[Recorded data Boundary: Start]

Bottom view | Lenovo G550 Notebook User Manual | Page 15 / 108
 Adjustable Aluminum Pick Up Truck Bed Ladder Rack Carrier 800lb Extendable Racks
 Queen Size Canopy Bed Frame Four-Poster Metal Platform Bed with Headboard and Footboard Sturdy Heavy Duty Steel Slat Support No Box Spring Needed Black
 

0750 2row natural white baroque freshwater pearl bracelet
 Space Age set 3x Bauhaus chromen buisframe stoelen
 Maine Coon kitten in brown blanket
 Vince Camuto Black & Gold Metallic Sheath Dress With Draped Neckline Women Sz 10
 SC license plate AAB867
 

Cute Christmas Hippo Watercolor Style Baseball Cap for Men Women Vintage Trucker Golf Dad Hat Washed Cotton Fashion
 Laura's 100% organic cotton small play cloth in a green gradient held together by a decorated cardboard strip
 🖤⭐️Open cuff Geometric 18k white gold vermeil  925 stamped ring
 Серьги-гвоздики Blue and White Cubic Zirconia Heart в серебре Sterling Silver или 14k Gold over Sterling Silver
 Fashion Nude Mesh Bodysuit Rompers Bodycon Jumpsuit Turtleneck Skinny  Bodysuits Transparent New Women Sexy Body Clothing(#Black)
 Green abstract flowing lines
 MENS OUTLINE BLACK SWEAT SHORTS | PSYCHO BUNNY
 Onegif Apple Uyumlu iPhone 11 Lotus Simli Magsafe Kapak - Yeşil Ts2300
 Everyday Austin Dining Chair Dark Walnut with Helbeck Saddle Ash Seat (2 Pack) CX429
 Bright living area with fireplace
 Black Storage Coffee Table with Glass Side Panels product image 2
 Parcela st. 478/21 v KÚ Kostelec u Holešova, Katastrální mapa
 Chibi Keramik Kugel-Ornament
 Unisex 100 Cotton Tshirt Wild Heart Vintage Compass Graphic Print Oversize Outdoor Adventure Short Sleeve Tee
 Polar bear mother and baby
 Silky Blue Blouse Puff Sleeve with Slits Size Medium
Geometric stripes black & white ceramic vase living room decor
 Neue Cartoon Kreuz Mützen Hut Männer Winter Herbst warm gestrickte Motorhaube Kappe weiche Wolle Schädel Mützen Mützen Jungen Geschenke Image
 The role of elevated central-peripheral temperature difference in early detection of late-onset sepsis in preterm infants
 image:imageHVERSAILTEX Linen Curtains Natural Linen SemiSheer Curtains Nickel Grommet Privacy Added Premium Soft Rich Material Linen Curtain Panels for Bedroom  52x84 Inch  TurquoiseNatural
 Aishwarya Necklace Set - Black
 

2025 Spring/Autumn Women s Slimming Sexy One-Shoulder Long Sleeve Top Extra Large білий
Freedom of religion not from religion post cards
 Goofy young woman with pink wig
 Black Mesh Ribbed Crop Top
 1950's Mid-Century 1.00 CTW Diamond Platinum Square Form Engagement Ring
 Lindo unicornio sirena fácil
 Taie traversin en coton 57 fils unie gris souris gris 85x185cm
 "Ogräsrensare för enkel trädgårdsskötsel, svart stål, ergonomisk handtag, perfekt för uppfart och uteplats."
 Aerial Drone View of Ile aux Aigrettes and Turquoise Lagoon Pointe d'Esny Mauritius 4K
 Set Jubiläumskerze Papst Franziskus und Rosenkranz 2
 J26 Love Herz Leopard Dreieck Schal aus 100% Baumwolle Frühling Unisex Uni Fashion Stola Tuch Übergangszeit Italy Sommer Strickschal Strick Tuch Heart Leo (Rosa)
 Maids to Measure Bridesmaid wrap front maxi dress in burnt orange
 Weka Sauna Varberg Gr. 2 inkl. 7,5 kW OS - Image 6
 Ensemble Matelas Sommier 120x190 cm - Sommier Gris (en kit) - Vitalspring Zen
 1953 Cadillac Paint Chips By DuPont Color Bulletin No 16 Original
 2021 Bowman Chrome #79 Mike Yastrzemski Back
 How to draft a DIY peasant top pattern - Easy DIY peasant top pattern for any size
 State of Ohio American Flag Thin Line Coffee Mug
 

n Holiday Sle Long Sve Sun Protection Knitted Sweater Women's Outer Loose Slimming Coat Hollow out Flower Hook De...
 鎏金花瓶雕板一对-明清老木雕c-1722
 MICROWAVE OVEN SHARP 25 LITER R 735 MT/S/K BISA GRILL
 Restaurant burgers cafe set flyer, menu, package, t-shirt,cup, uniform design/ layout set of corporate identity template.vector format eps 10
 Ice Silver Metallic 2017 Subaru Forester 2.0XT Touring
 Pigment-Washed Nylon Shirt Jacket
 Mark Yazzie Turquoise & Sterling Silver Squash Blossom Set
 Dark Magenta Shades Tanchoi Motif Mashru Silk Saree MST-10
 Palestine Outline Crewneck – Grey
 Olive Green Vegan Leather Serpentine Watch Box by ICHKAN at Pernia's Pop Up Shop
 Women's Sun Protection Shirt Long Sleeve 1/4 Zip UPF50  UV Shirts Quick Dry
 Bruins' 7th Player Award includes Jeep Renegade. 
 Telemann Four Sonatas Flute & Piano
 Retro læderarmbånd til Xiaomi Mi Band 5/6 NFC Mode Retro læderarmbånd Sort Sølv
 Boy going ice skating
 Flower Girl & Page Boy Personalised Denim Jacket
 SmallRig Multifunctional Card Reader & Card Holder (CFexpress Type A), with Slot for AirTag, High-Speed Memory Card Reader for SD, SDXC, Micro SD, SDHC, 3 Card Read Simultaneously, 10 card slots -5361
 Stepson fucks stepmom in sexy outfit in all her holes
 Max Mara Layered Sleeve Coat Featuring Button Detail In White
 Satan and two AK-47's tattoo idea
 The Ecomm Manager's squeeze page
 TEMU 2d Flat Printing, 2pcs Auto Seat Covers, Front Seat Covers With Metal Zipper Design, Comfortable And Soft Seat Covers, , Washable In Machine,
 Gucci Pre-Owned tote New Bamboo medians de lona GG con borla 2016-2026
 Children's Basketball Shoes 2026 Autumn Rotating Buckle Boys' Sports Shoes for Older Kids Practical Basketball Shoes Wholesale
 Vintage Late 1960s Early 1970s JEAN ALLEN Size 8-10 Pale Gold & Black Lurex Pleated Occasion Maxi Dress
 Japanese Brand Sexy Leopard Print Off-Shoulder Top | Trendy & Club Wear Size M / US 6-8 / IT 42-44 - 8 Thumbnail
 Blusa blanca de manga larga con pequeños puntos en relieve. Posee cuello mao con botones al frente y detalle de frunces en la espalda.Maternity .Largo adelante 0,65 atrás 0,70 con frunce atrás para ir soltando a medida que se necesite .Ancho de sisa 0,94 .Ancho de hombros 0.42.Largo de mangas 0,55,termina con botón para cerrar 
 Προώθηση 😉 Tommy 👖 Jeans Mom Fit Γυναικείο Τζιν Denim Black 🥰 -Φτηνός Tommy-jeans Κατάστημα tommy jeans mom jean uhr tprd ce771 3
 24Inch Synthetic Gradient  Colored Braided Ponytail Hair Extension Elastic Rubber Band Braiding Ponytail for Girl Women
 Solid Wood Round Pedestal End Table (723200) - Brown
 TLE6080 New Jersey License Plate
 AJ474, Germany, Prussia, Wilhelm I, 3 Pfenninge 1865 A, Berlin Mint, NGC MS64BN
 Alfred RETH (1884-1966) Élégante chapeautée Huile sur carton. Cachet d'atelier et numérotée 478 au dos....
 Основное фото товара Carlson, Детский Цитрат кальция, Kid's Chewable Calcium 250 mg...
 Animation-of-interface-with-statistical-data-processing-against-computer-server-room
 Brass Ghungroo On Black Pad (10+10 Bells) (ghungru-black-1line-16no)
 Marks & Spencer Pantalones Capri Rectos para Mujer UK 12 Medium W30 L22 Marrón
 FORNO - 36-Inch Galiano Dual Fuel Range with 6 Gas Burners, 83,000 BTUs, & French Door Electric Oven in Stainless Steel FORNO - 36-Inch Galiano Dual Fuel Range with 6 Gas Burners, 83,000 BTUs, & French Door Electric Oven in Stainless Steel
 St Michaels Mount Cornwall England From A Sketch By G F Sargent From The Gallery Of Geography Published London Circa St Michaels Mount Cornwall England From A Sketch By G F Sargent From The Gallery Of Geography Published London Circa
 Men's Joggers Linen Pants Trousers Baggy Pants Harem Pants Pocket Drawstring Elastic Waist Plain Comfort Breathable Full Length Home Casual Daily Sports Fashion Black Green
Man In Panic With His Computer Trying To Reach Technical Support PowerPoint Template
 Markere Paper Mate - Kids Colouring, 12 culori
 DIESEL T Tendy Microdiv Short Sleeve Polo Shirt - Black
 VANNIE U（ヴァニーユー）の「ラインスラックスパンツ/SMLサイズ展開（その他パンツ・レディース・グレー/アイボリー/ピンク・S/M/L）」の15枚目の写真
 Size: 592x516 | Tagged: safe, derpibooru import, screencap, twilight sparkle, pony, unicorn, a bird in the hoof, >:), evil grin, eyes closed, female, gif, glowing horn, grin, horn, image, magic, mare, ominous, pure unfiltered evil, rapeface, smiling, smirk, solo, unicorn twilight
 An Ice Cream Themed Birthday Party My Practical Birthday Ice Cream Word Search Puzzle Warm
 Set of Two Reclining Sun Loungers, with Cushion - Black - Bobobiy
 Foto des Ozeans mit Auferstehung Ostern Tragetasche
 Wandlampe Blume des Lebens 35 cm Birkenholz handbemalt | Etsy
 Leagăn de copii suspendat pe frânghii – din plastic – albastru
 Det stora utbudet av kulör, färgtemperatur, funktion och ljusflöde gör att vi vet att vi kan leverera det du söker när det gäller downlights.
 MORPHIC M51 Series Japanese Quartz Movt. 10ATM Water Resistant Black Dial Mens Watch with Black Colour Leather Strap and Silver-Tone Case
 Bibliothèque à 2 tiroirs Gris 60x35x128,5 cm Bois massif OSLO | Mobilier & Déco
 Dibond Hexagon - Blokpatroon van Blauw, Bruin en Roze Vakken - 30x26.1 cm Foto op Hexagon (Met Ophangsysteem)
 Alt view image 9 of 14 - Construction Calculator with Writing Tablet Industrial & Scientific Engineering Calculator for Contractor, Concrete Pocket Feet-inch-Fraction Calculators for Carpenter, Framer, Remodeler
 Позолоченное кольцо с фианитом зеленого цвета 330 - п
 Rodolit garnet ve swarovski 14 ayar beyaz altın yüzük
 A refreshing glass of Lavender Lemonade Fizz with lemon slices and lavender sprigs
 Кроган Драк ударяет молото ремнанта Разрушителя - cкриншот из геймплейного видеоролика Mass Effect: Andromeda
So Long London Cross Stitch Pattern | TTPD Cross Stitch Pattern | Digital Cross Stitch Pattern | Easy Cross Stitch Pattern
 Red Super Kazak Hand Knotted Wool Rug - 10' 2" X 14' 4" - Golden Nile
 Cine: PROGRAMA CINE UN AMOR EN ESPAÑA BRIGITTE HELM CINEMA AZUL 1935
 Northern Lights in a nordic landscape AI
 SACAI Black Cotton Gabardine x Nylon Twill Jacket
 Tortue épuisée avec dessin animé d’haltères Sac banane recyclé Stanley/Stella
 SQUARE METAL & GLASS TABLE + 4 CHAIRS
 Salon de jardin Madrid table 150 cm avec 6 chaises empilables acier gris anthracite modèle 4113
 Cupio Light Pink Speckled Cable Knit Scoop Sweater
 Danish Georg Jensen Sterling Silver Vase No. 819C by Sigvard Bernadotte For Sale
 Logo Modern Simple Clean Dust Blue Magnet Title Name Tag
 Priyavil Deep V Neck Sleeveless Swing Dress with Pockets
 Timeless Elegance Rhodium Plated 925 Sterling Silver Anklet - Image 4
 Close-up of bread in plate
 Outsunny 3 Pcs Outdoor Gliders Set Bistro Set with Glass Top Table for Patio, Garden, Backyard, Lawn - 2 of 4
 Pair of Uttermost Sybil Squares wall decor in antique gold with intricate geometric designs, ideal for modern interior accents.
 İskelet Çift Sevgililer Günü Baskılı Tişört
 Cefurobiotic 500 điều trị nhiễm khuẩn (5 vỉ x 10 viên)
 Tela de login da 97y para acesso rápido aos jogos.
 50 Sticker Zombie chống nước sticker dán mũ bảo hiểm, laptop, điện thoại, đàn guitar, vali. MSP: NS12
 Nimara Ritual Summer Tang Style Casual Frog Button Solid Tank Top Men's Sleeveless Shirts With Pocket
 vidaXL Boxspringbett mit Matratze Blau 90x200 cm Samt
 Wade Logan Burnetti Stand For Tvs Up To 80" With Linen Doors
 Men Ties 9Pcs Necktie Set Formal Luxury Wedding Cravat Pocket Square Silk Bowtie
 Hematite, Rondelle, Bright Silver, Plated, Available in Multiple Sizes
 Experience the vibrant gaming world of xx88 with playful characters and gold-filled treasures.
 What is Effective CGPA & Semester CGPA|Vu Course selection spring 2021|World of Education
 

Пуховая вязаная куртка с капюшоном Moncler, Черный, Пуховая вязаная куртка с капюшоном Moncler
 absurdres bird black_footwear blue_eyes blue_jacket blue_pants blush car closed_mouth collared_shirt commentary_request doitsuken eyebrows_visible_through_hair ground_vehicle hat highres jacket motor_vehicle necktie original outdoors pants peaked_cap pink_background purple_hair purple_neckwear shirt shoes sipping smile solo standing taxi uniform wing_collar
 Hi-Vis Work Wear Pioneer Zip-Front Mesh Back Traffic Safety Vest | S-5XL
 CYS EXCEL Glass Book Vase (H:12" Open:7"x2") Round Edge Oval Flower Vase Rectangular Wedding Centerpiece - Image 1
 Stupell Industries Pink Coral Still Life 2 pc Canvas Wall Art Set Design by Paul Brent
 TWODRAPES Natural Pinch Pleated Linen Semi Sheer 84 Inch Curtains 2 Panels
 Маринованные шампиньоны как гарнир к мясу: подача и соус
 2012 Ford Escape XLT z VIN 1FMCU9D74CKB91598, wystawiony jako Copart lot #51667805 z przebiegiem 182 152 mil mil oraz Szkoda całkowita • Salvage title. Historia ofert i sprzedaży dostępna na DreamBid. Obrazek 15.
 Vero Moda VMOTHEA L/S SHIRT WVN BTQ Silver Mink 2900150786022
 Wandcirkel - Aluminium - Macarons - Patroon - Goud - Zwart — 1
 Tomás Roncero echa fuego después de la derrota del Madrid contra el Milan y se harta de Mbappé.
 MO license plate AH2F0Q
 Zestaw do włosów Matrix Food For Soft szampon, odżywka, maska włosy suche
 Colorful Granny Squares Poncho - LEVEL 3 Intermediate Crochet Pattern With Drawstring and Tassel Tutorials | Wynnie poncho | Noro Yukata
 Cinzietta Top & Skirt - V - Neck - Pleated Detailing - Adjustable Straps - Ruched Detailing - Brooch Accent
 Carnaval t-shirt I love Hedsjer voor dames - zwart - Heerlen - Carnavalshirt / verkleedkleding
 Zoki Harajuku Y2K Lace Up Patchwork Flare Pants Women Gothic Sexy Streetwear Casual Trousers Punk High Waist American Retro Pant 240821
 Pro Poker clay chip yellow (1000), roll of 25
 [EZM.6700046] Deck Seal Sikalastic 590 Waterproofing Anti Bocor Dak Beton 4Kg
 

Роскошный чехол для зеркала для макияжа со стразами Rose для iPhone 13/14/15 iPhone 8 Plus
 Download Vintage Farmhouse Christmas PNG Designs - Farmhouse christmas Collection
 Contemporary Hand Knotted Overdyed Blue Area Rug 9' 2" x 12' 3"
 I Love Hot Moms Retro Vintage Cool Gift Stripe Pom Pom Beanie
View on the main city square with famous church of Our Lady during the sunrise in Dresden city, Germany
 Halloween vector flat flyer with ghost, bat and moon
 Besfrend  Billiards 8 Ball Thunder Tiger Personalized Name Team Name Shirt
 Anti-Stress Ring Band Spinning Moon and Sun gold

[Recorded data Boundary: End]

(Task to complete)
Using the records above, restate word for word the lines from the one with "Experience the vibrant" through the one with "CYS EXCEL Glass", both included.

(Result for this task)
 Experience the vibrant gaming world of xx88 with playful characters and gold-filled treasures.
 What is Effective CGPA & Semester CGPA|Vu Course selection spring 2021|World of Education
 

Пуховая вязаная куртка с капюшоном Moncler, Черный, Пуховая вязаная куртка с капюшоном Moncler
 absurdres bird black_footwear blue_eyes blue_jacket blue_pants blush car closed_mouth collared_shirt commentary_request doitsuken eyebrows_visible_through_hair ground_vehicle hat highres jacket motor_vehicle necktie original outdoors pants peaked_cap pink_background purple_hair purple_neckwear shirt shoes sipping smile solo standing taxi uniform wing_collar
 Hi-Vis Work Wear Pioneer Zip-Front Mesh Back Traffic Safety Vest | S-5XL
 CYS EXCEL Glass Book Vase (H:12" Open:7"x2") Round Edge Oval Flower Vase Rectangular Wedding Centerpiece - Image 1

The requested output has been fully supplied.